Tren ini tercermin dari kenaikan harga kontrak minyak mentah Brent bulan Maret sebesar 0,3%, mencapai $80,24 per barel. Dinamika serupa diamati pada minyak mentah West Texas Intermediate, yang terapresiasi sebesar 0,3% menjadi $75,31 per barel.
Toshitaka Tadzawa, analis di Fujitomi Securities, menekankan peran penurunan cadangan minyak AS dan ekspektasi terhadap kebangkitan ekonomi Tiongkok sebagai faktor utama yang mendorong pertumbuhan harga minyak. Ia juga menyatakan bahwa ketidakstabilan politik di Timur Tengah mendorong investor untuk membeli minyak.
Menurut Badan Informasi Energi AS, persediaan minyak mentah turun 9,2 juta barel, jauh melebihi perkiraan analis sebesar 2,2 juta barel. Penurunan ini disebabkan oleh penurunan impor dan penutupan kilang akibat cuaca buruk yang membatasi pergerakan kendaraan.
Perekonomian Tiongkok juga berdampak pada pasar minyak. Bank Rakyat Tiongkok (PBOC) mengumumkan penurunan signifikan dalam rasio persyaratan cadangan bank, yang menunjukkan adanya suntikan sekitar $140 miliar ke dalam perekonomian, yang berpotensi memberikan dorongan kuat bagi pertumbuhan ekonomi.
Penurunan produksi minyak dalam negeri AS menjadi aspek penting. Bob Yager, Direktur Energi Berjangka di Mizuho, menyatakan bahwa produksi di Bakken paling terkena dampaknya, dan mengalami penurunan signifikan.
Di tengah pembekuan Arktik, produksi minyak AS turun ke level terendah dalam lima bulan, hanya 12,3 juta barel per hari.
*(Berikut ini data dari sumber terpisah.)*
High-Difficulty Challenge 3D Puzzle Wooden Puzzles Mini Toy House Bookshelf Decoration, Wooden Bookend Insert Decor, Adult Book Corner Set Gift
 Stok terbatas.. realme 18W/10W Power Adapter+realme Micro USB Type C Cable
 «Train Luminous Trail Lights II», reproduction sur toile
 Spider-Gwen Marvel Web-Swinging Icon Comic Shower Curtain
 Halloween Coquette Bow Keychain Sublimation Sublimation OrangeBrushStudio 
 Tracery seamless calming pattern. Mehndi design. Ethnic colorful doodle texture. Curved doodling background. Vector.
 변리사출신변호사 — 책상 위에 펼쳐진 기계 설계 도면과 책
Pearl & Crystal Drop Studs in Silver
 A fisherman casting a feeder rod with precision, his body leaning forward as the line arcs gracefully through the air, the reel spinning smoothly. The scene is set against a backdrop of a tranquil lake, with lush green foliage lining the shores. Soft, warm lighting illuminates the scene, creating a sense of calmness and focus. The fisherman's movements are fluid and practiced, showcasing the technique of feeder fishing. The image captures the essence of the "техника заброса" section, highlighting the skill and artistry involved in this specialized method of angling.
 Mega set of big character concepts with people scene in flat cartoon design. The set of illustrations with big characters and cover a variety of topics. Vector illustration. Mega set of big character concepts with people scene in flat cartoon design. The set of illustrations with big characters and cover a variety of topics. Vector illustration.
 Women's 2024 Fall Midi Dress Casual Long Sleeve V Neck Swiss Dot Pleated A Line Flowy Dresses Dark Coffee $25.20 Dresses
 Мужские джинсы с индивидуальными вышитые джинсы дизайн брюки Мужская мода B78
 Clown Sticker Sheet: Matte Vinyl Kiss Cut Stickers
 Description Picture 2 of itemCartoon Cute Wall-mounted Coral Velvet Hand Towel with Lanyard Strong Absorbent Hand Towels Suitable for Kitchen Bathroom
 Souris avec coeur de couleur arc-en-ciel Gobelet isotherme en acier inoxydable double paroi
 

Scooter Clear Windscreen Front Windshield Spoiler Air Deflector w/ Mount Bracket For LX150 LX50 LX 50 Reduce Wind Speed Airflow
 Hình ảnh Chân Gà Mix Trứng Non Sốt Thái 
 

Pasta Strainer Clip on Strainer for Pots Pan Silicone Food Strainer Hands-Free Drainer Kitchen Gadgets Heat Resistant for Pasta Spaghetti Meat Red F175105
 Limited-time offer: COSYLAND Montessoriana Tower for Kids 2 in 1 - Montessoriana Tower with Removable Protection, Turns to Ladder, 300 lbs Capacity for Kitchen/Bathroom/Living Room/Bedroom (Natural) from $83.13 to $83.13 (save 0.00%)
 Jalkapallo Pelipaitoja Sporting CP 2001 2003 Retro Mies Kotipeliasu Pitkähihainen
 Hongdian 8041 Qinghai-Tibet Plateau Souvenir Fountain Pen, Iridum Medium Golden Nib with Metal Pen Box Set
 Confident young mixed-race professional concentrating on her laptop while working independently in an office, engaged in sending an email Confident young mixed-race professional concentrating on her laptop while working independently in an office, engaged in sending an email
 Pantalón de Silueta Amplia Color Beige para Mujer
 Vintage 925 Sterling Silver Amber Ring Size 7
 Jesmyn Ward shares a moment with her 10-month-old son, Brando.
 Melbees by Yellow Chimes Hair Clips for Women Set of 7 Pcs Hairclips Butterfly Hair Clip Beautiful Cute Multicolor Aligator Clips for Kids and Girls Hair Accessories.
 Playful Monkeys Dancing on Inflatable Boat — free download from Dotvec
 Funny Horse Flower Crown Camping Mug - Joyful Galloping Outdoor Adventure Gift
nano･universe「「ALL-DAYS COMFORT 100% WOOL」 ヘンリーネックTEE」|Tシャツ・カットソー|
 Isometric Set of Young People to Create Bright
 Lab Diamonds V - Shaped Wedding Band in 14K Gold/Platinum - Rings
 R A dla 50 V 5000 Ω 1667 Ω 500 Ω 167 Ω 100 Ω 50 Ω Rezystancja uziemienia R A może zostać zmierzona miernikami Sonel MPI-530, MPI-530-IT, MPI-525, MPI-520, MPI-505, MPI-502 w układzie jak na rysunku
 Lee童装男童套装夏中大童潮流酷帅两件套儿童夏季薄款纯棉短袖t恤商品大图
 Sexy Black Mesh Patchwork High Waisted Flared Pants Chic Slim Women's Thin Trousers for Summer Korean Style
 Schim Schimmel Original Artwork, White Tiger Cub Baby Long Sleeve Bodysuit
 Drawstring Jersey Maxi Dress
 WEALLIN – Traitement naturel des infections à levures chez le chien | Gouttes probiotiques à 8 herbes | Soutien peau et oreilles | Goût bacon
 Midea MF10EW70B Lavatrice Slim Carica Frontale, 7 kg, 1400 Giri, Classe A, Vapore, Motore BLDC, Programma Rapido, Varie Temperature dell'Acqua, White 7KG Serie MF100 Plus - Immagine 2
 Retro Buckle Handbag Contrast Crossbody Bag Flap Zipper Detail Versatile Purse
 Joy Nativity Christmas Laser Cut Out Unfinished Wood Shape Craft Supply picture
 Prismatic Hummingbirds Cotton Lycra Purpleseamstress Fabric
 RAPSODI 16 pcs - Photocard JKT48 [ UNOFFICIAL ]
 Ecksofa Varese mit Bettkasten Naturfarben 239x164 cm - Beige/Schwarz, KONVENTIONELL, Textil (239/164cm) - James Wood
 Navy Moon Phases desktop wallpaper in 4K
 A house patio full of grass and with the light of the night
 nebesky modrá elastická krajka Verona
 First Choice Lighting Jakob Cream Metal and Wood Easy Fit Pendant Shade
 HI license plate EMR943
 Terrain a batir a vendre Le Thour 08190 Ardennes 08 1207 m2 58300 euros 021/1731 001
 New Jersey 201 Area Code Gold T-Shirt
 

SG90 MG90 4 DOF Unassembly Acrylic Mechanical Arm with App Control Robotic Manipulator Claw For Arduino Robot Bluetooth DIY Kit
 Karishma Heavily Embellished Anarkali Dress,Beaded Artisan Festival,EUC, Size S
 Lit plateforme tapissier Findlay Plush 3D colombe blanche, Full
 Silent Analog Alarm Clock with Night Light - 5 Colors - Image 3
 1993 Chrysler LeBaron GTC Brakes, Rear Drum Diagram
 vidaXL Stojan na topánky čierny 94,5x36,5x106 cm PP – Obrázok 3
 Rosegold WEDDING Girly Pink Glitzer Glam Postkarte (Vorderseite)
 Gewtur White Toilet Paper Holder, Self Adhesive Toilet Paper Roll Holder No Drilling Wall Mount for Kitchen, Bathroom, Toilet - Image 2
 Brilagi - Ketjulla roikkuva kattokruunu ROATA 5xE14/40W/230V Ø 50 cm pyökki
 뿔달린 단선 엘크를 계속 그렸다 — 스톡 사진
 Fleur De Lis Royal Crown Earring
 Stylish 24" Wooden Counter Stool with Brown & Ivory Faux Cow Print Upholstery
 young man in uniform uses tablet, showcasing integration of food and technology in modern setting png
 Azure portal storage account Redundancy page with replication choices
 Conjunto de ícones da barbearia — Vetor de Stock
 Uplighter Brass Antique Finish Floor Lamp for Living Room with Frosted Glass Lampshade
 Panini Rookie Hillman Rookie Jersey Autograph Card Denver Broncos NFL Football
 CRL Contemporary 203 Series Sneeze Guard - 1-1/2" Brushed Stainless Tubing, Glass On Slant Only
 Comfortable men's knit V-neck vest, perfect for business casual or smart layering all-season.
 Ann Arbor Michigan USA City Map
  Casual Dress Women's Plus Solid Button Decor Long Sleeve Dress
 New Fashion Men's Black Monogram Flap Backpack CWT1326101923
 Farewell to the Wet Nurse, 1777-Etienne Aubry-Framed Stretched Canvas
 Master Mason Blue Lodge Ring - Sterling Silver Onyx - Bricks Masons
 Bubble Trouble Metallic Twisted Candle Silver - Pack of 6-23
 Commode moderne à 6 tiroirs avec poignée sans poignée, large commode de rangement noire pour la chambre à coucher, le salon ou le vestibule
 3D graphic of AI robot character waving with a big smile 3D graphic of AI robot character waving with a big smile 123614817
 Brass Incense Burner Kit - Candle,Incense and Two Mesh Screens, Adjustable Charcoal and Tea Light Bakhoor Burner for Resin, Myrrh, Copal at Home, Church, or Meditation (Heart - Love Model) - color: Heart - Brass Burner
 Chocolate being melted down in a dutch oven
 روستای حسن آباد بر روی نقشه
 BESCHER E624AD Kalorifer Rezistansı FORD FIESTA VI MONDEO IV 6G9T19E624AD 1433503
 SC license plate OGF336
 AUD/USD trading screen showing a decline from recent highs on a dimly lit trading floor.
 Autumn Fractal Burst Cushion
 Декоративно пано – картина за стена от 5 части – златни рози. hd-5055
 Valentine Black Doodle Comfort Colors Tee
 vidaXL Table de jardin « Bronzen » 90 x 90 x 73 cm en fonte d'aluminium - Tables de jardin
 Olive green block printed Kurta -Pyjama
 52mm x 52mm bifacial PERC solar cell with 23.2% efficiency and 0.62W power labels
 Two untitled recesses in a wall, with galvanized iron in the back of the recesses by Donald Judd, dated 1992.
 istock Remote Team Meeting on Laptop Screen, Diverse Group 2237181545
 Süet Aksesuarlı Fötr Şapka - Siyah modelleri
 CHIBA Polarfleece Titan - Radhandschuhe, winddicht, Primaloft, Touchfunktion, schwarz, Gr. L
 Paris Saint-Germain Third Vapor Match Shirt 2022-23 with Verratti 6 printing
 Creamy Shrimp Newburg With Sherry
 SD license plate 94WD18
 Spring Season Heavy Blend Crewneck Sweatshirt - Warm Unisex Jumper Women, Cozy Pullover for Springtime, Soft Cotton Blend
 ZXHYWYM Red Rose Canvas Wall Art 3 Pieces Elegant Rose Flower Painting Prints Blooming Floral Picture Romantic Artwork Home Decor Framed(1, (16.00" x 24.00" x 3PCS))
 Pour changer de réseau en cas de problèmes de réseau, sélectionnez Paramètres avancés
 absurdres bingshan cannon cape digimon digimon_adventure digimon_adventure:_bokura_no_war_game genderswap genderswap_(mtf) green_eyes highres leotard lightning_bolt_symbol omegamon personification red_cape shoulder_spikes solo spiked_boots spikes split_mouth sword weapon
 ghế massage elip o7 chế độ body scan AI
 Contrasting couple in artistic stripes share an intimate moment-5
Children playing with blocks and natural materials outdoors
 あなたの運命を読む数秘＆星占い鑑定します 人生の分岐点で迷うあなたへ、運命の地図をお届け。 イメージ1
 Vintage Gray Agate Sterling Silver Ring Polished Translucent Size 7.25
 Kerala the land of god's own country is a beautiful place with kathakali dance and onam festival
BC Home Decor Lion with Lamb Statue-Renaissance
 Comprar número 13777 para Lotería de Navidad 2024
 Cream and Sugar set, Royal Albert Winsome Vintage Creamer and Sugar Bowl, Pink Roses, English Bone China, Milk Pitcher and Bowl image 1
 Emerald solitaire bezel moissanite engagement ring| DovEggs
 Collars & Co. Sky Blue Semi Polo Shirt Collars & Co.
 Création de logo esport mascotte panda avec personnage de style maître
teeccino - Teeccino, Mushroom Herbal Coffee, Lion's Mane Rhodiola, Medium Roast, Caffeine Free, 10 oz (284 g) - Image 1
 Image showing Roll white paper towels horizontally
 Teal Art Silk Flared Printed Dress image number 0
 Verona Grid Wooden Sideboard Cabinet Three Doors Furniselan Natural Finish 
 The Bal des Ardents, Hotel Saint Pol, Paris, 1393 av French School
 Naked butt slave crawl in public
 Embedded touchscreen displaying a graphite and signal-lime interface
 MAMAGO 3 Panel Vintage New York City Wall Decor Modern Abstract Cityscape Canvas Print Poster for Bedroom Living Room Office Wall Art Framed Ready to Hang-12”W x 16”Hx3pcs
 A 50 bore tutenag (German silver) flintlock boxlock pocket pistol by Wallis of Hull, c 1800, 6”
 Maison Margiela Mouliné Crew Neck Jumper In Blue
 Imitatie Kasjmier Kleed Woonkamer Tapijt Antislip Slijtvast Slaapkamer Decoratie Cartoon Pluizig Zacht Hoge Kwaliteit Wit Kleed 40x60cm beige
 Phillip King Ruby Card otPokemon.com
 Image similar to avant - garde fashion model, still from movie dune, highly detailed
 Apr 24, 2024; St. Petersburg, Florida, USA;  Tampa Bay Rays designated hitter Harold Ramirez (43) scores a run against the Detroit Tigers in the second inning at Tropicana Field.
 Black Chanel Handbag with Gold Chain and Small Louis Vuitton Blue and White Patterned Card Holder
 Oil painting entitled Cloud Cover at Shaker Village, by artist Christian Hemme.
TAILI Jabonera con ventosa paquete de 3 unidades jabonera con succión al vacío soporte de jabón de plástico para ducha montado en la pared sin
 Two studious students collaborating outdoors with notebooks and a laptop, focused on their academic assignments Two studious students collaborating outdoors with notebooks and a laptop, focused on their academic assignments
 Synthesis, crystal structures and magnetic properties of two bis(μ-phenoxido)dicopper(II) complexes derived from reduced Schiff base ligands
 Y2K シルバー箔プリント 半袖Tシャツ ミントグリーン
Para pejabat dari Dakota Utara menyatakan bahwa pemulihan produksi minyak di negara bagian tersebut, pemain utama dalam ekstraksi serpih, mungkin memerlukan waktu sekitar satu bulan setelah kerusakan parah yang disebabkan oleh kondisi cuaca ekstrem.
Oleh karena itu, peristiwa-peristiwa yang terjadi di AS dan Tiongkok membentuk tren baru di pasar minyak global, yang menunjukkan keterkaitan antara strategi ekonomi dan fenomena alam dalam perekonomian global saat ini.